• [TASK STATEMENT]:
In the data that follows, find the line containing "Perceel GNM00-C-2377"; then quote that line and every line after it, exactly, through the last one.

• [DATASET CONTENT]:
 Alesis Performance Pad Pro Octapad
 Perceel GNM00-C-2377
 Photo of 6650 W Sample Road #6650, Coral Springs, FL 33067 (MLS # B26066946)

• [REPLY TO THE EXERCISE]:
 Perceel GNM00-C-2377
 Photo of 6650 W Sample Road #6650, Coral Springs, FL 33067 (MLS # B26066946)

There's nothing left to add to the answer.